On Sunday morning I got a phone call from the people who live opposite the end of our drive. They had found a dead cat in the middle of the A44 and thought it might be ours. Would I identify the body? Sure enough, it was Tess. In all directions but one from our house there are miles of fields teeming with shrews and voles, yet, in a rare exhibition of feline foolishness, she had chosen the direction of the main road.

We have been mourning Tess in different ways for different reasons. Jane was worried about how the kids might take it, and indeed 10-year-old Eleanor cried and cried, upset beyond consolation by the idea that Tiger, Tess's four-month-old kitten, was now motherless. Joseph, aged eight, rather forced the tears out because he felt that the occasion demanded a show of grief, while Jacob, our five-year-old, was a picture of stoicism. In fact he was fascinated rather than saddened by the sight of Tess's lifeless body, which he kept wanting to touch.

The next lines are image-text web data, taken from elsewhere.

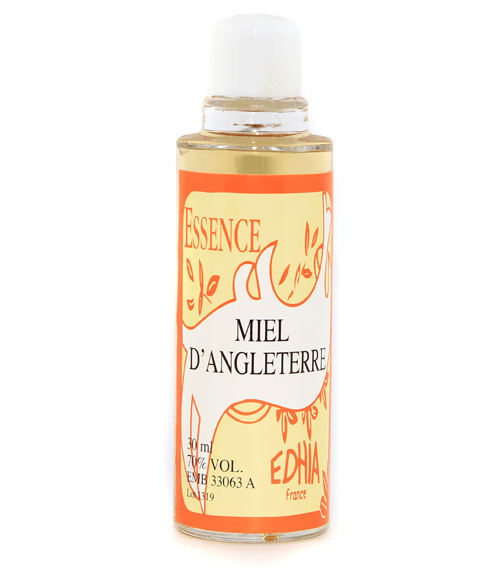  Miel d'Angleterre (50 ml)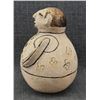 Image 2 : PAPAGO POTTERY PIGGY BANK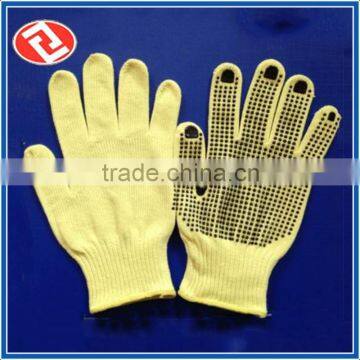 Alibaba China Supply High Quality White Gloves Work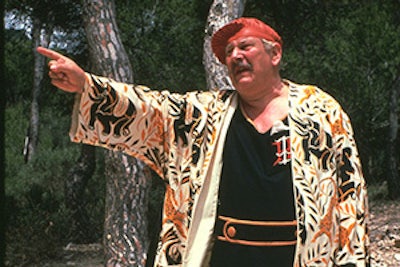 Evil Under The Sun 1982 Thumbnail 1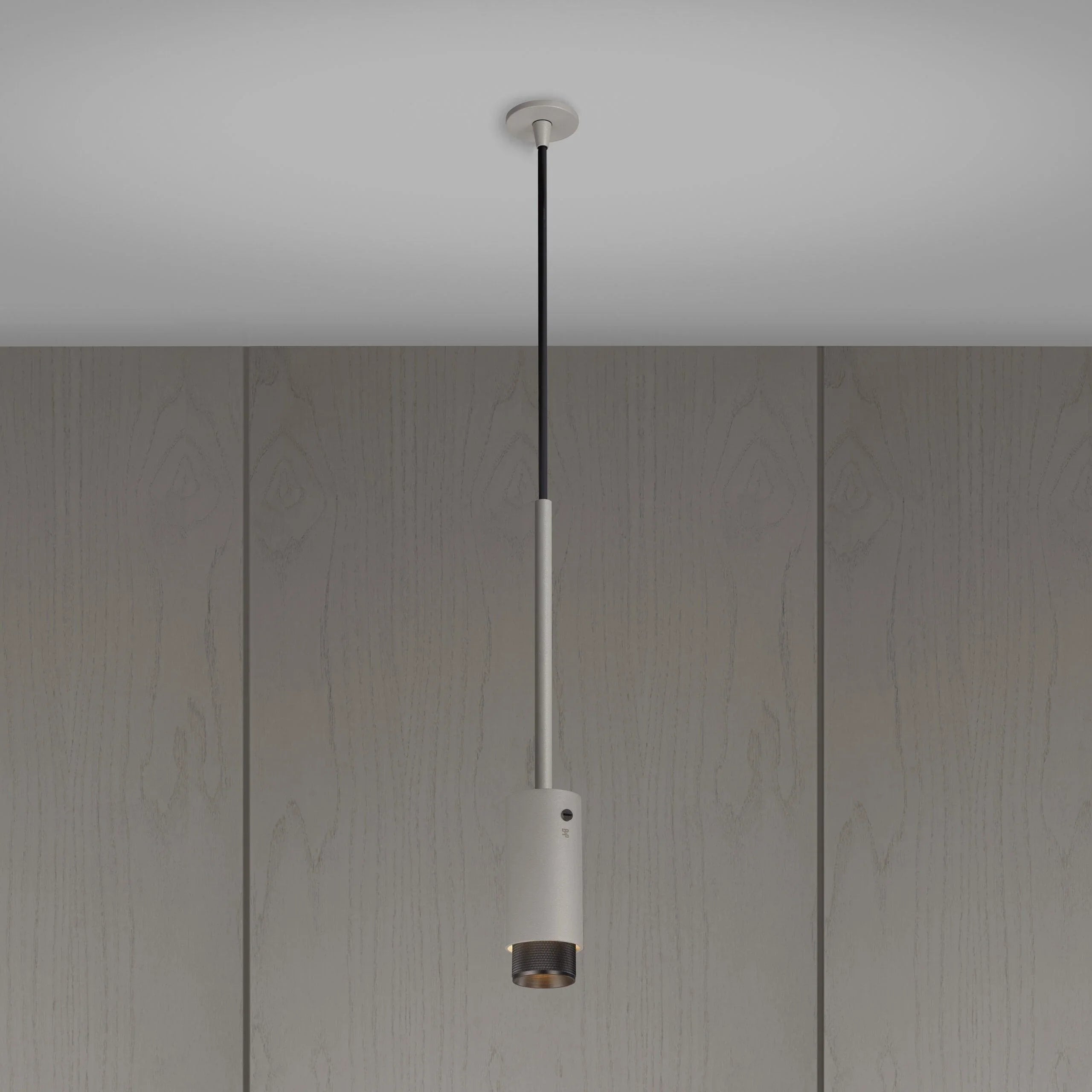 Pendant Exhaust CROSS / STONE - Buster & Punch - PARIS14A.RO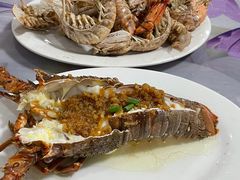 -花乐餐厅(涠洲岛店)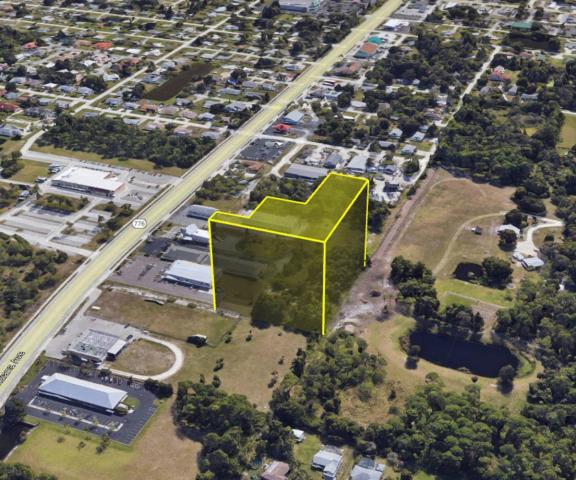 402 North Indiana Avenue, Englewood, FL 34223
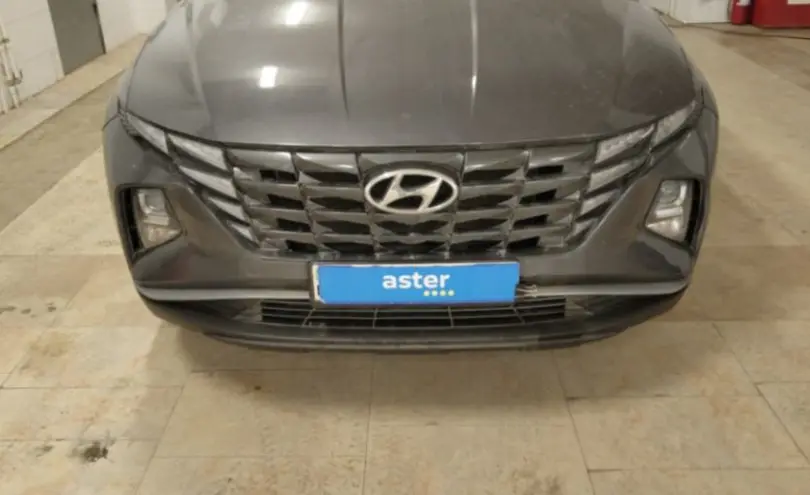 Hyundai Tucson 2023 года за 13 000 000 тг. в Актобе
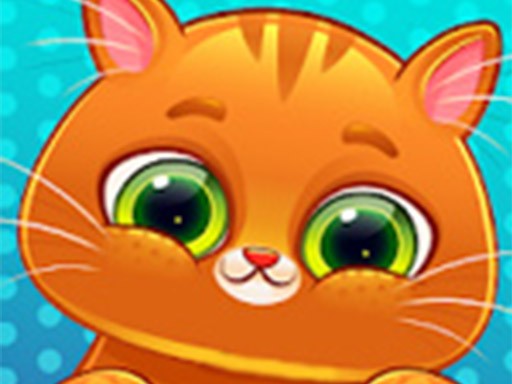 Games like Lovely Virtual Cat
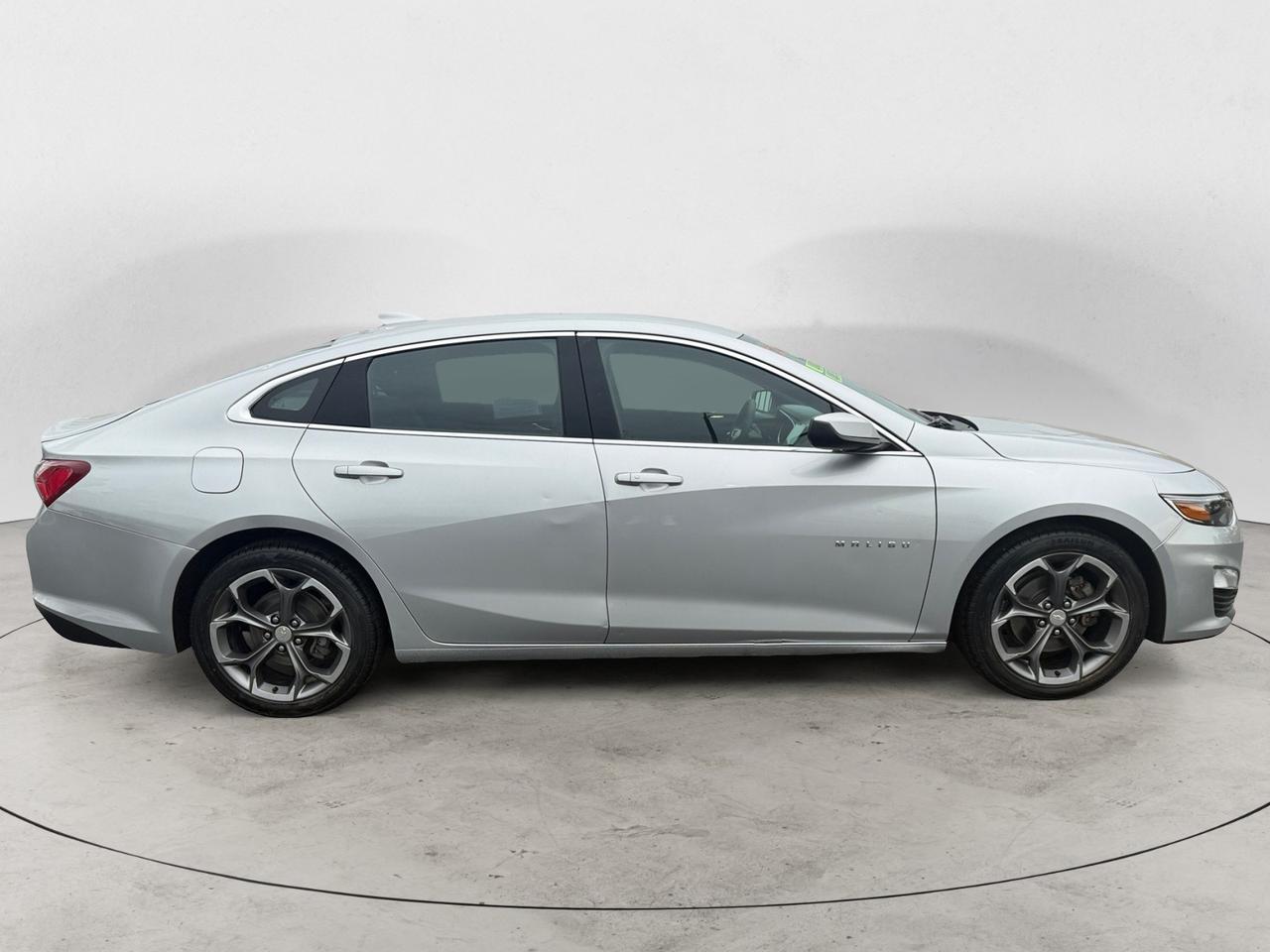 2021 CHEVROLET MALIBU LT (1LT) Kansas City MO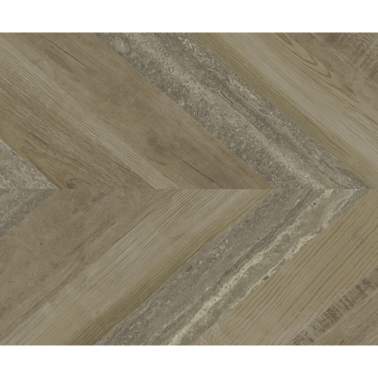 Keramische tegel 50x100x2 cm Oak Stamp
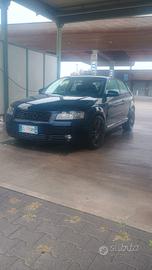 audi A3 8p 2.0 TDI 16v ambition 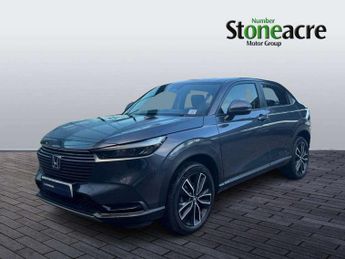 Honda HR-V 1.5 eHEV Elegance 5dr CVT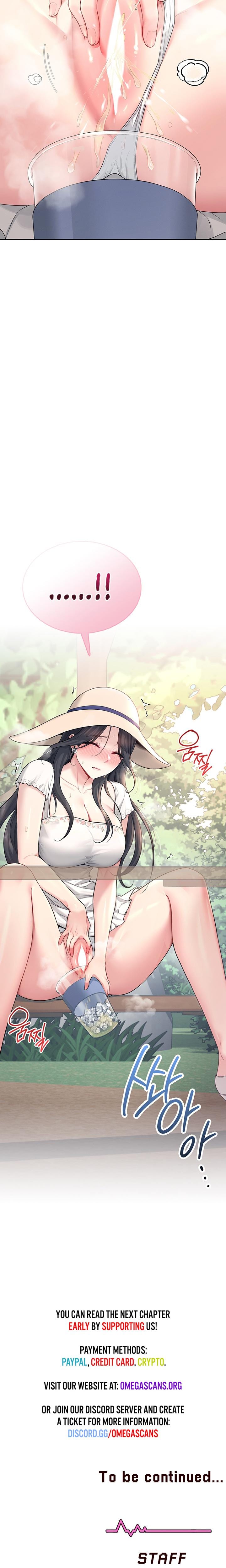 Wireless Onahole (Uncensored), chapter 33, page 27 of 28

We have always thought that Jacob might grow up to be an actor, but perhaps he'll be a pathologist - or better still, an actor playing a pathologist, seconded to Amanda Burton.

As for me, I grieved for the 80 quid we spent recently on having Tess spayed, and was reminded of Mary, the guinea pig we had when we lived in London, who cost a tenner and was then boshed around a bit by the neighbours' cat, necessitating a two-night stay at a veterinary surgery. We subsequently got a bill for £115, and could only assume that Mary had made excessive use of the minibar.

Still, those visits to the surgery in Crouch End were as entertaining as they were expensive. Jane treasures the recollection of a po-faced receptionist calling to the vet: "I've got Mrs Simpson on the phone. You saw Bodie last week and now Doyle's not very well."

Tenderfeet and toenails

The children went back to school on Wednesday, after a Swallows and Amazons-style summer of climbing trees, swimming in rivers and making dens in the woods, one of which is at least as intricate as the hideout in Rogue Male. At 10, Eleanor still enjoys making dens as much as her two brothers, and on Tuesday stopped painting her toenails on being called out to help them make a wigwam. This time next year, I fear, the toenail-painting will have taken precedence.